Sunday, July 12, 2015

Political Persecutions Continue Unabated in Russian-Occupied Crimea



Paul Goble

            Staunton, July 12 – When any situation no matter how horrific continues for a long time, there is a great danger that it will become for many a kind of new normal, something regrettable but all too often ignored in the flood of events. That danger is now settling over Russian-occupied Crimea where political persecutions are continuing unabated.

            On Friday in Kyiv, the Center for Civic Freedoms and the SOS Euromaidan organization held a joint press conference on the occasion of the release of its second monthly report about repressions and political persecutions in Crimea.  The picture is so horrific that it compels attention (qha.com.ua/v-krimu-prodoljayutsya-politicheskie-presledovaniya-146204.html).

            The participants at the meeting included Mariya Lysenko, project coordinator at the Center for Civic Freedoms, Stanislav Krasnov who has been persecuted in Crimea by the Russian occupiers, and Roman Martynovsky, an expert of the Regional Center for Human Rights.

                The QHA news agency summed up their conclusions with the following words: “In Crimea it is dangerous to be a Ukrainian. For such patriotism one can be fined in the best case and put in prison in the worst.” Moreover, there are frequent cases of kidnapping, beatings and torture. And informing on others has become “a norm of life.”
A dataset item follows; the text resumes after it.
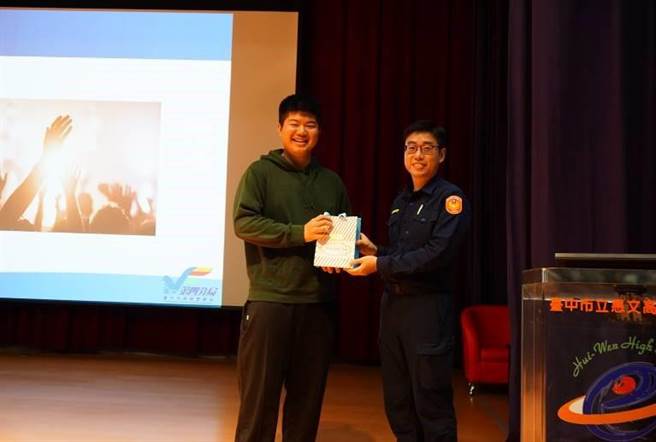 警方透過有獎徵答方式與學生互動，讓學生在熱烈活潑的氣氛中建立正確的交通安全觀念。（警方提供／陳世宗台中傳真）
            And in the face of these disturbing trends, the agency cited in conclusion Lysenko’s words that “we are unceasingly calling for the dispatch of international observers to Crimea who could follow the situation directly on the peninsula,” perhaps the only way that could prevent the situation from becoming even worse.
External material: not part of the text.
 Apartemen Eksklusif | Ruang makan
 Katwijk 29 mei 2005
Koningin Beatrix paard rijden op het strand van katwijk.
            Among the most troubling developments of the last month, participants pointed to the following:

·         The occupation authorities have expanded the authority of those informal groups who support the regime to detain anyone who disagrees with the occupation.

·         The occupiers continue to ban meetings and peaceful assemblies, such as one that some in Crimea sought on June 28th, the Day of the Constitution of Ukraine.

·         They invent cases so as to be able to bring charges against those who took part in earlier meetings that the authorities had given permission to take place.

·         The occupation authorities allow appeals of convictions to give the appearance of “legality” but then the superior courts simply return the cases to the courts of first instance where no change in the outcome is likely.

·         The Russian occupiers also continue to expand the list of people charged with terrorism under an expanding definition of that term and then insist on the detention of those so charged for extended periods, in effect punishing those involved before any conviction.